▶ **Material for this exercise**

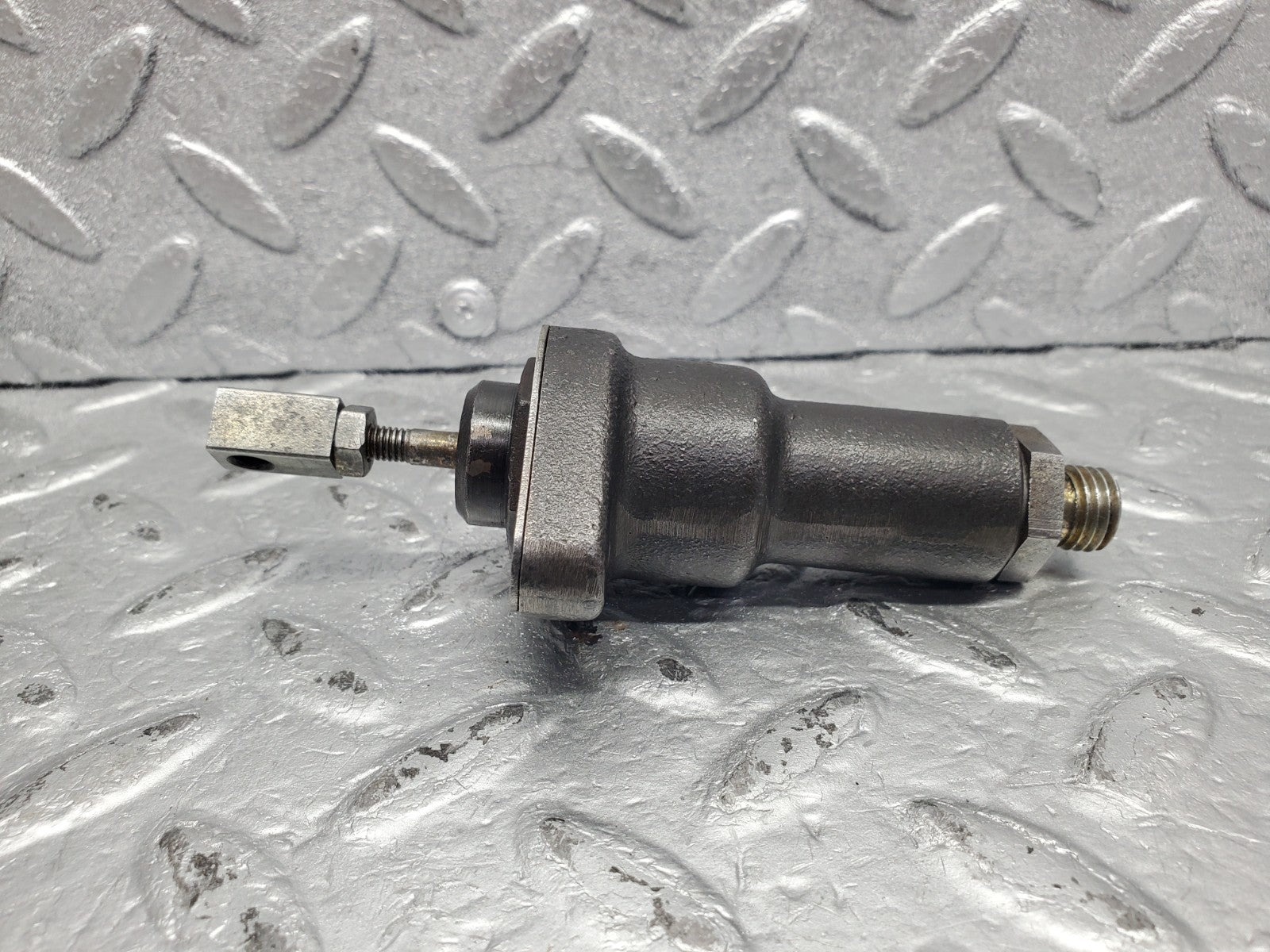 W112 idle regulator cylinder used OEM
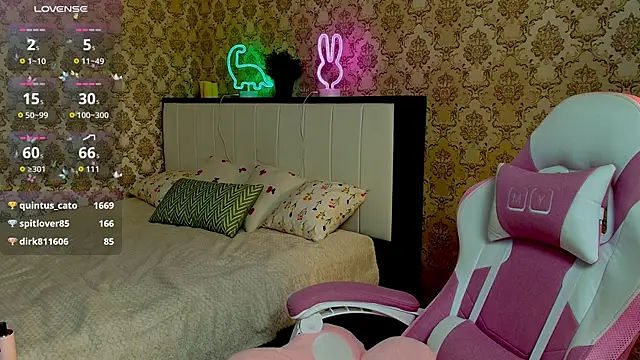 Ursula_Andres webcam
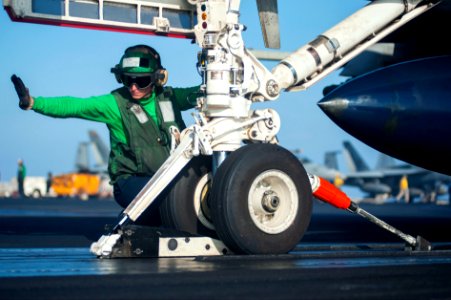 USS HARRY S. TRUMAN (CVN 75) 131214-N-ZG705-076 (11379834303)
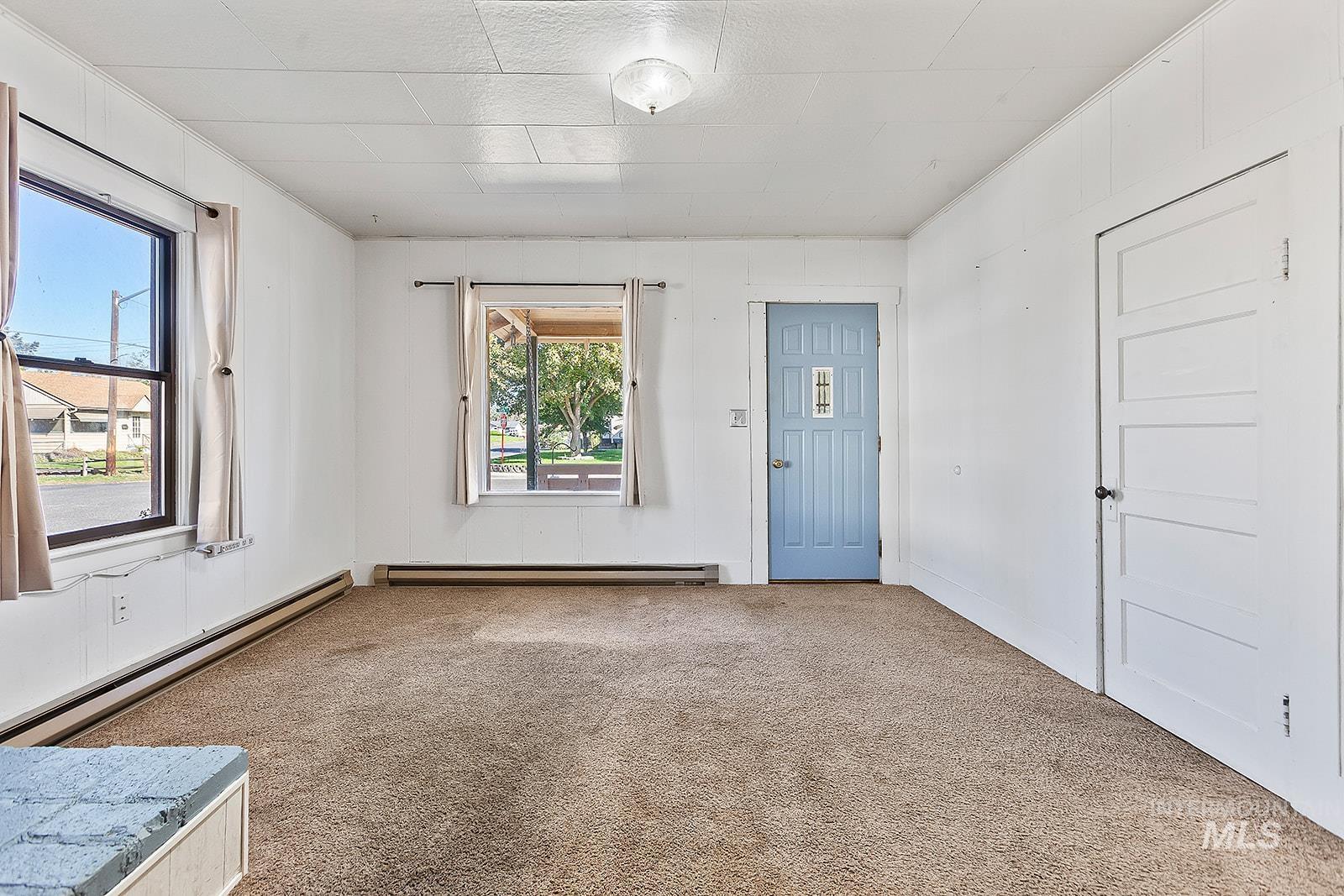 600 10th Street, Clarkston, Washington 99403, 3 Bedrooms, 2 Bathrooms, Residential For Sale, Price $250,000, 98925541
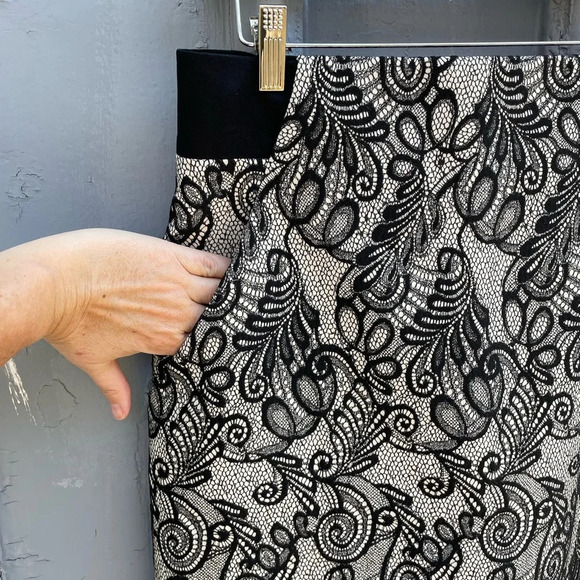 Bill Blass New York, black/ivory lace high waisted skirt with pockets, size 10 - Picture 4 of 12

▶ **Brief**
Transcribe nothing but the lines from the one containing "Ursula_Andres webcam" through the final line of the records, exactly as written and without pictures.

▶ **Answer area**
 Ursula_Andres webcam
 USS HARRY S. TRUMAN (CVN 75) 131214-N-ZG705-076 (11379834303)
 600 10th Street, Clarkston, Washington 99403, 3 Bedrooms, 2 Bathrooms, Residential For Sale, Price $250,000, 98925541
 Bill Blass New York, black/ivory lace high waisted skirt with pockets, size 10 - Picture 4 of 12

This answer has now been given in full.